Figure 1.Odor intensity perception relate to COVID-19 prevalence. (A) Mean intensity ratings of the 5 odor categories (blue line and axis) in relation to population prediction (black line and axis) of COVID-19 prevalence in the Stockholm region. (B) Mean intensity ratings of unimodal odors (odor categories 1 and 2; blue line and axis) in relation to population prediction of COVID-19 prevalence in the Stockholm region. (C) Mean intensity ratings of bimodal odors (odor categories 3–5; blue line and axis) in relation to population prediction of COVID-19 prevalence in the Stockholm region. (D) Mean intensity ratings of odors (categories 1–5), separated into individuals without (green squares, blue axis) and with (purple squares, blue axis) reported COVID-19 symptoms, in relation to population prediction (black line and axis) of COVID-19 prevalence in the Stockholm region.
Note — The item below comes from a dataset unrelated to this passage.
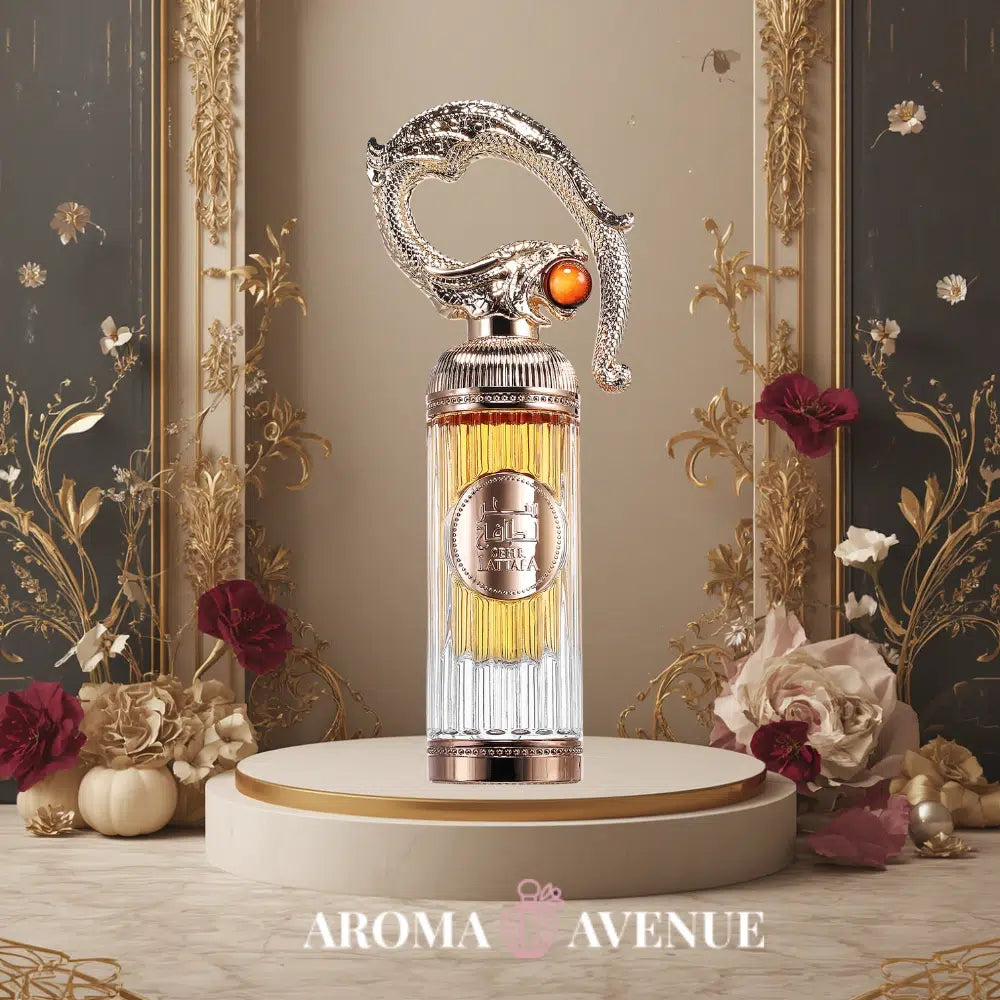 Lattafa Sehr – Apă de parfum unisex 100 ml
Error bars in all panels indicate standard error of the mean (SEM).
Figure 2.Odor intensity perception relates to COVID-19 symptoms. Individual mean rated intensity of odors in relation to number of reported COVID-19 symptoms, excluding loss of smell/taste. Dots represent individuals and red dotted line indicates the regression line. Blue color indicates the number of overlapping individuals.
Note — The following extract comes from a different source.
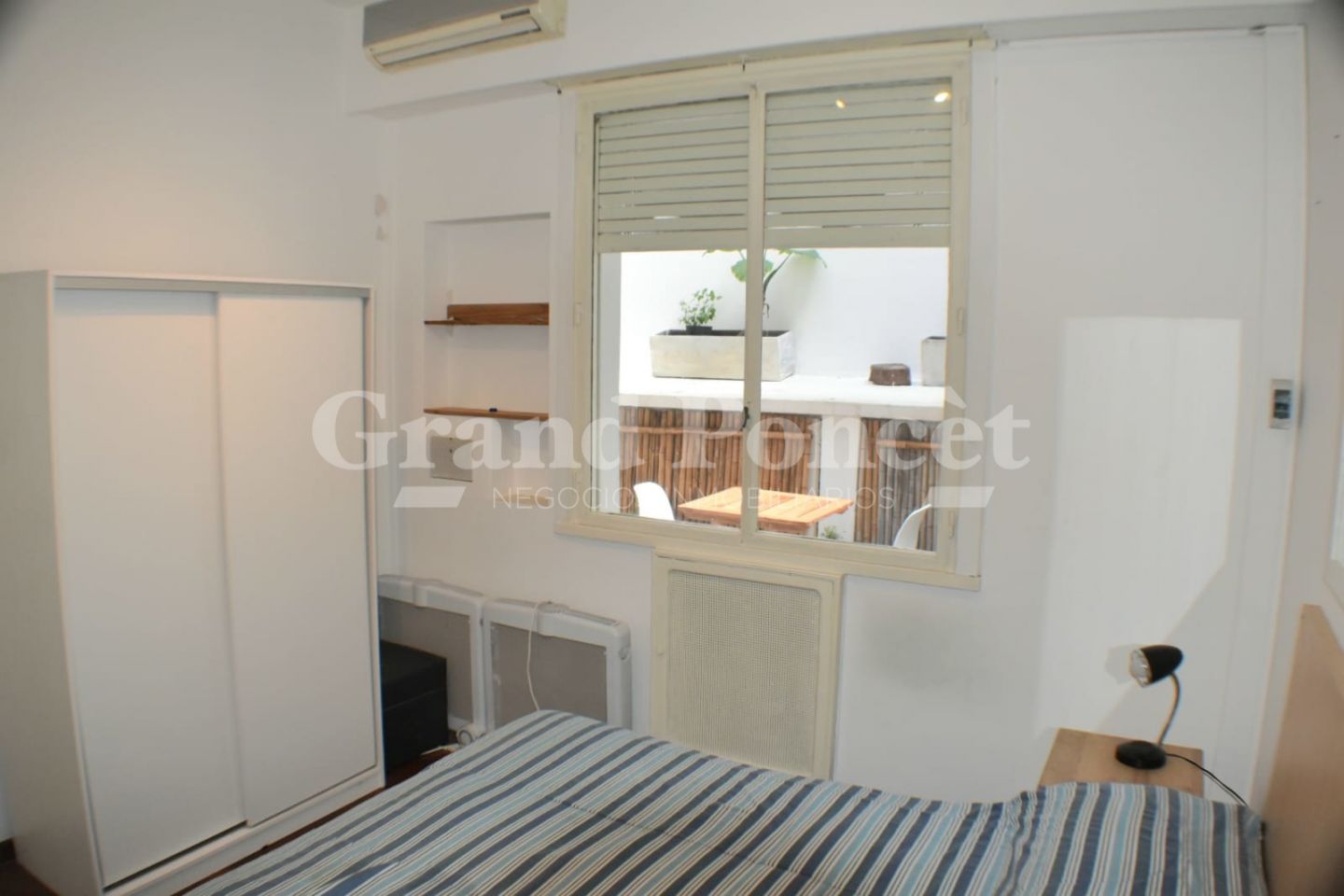 VENTA DE DEPARTAMENTO EN Capital Federal - San Telmo - 12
Figure 3.Olfactory dysfunction in relationship to COVID-19 symptoms. (A) Percentage of olfactory dysfunction within subsample that indicated either COVID-19 symptoms (sessions, n = 2469) or had undergone COVID-19 testing (Covid-19 + = positive [n = 16], Covid-19 − = negative [n = 25]). (B) Shift in intensity ratings between sessions for individuals that progressed from indicated “No Symptoms” to indicating “Symptoms”. Dots indicate individual values (n = 107) and lines connects the values for the same individual. Error bars indicate standard error of the mean (SEM).